Our research is oriented towards the development and testing of real-time perception, decision, and execution frameworks for robot teams. In particular, we focus on connecting the motion control algorithms with the perception algorithms on ground and aerial robots. Currently, we focus on two main research themes.
Onboard Localization
Robots in swarms must have a sense of situational awareness to move in coordination with the other robots. Coordination among the swarm members in environments without absolute position providers such as GPS and motion capture systems requires the implementation of formation control algorithms which rely on inter-robot configurations such as relative positions. A robust realization of such coordination algorithms is even more challenging in the case of aerial robots because their decision layers usually demand generating estimation and control signals at relatively high data rates. We design and implement distributed onboard localization algorithms for robots to enable coordinated and collaborative behaviors in robot swarms. We evaluate quantitatively in simulations and real life experiments the performance of several combinations of the commercially available sensor suites including cameras, RGBD sensors, LIDARs, and ultra wideband range sensors. Furthermore, we investigate the effects of heterogeneity among swarm members in terms of sensing and motion capabilities.

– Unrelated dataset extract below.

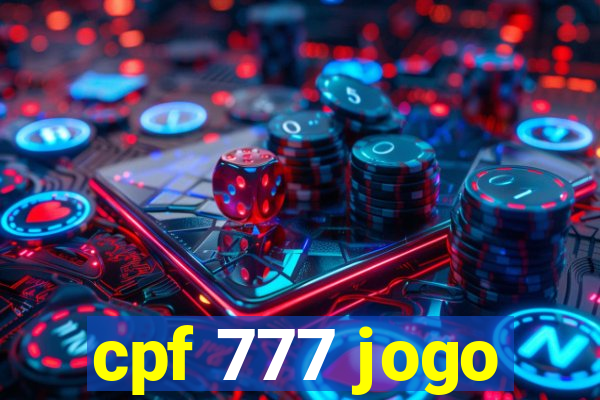 cpf 777 jogo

Distributed Path Planning for Multi-Robot Systems
In a variety of real life applications such as aerial coverage, border patrolling, and surveillance, a multi-robot system can perform superior to a single robot. However, designing resilient path planning algorithms for multi-robot systems remains an open problem. A typical path planning algorithm design consists of task allocation, inter-robot communication, and low-level trajectory tracking control. Essentially, the distributed coordination in an autonomous robot team can be achieved by deploying each individual robot in such a way that if every robot executes its own task, the entire team exhibits a coordinated behavior. We are interested in challenging scenarios where the robots are equipped with minimal sensing capabilities. For instance, in an adversarial environment, a drone team must communicate with short-range radio modules which allow limited situational awareness only. Our aim is to design coordination algorithms for robot swarms operating in uncertain, adversarial environments. Particularly, we investigate the game theory based methods which lead to real-time implementable distributed algorithms.
AI in Robotics
Recent years have witnessed tremendous developments in the field of artificial intelligence. As the performance of the commercially available computational boards have improved, implementation of the deep learning architectures onboard the ground and aerial robots in real time have become possible. Nowadays, several convolutional neural networks (CNN) architectures can be run on the small-size, low-weight boards such as Intel Jetson at reasonably high speed. In lab, we deploy the recently developed CNN and reinforcement learning architectures to solve the essential mobile robotics problems such as localization, mapping, and path planning. Remarkably, we focus on distributed frameworks for swarms that can be realized online.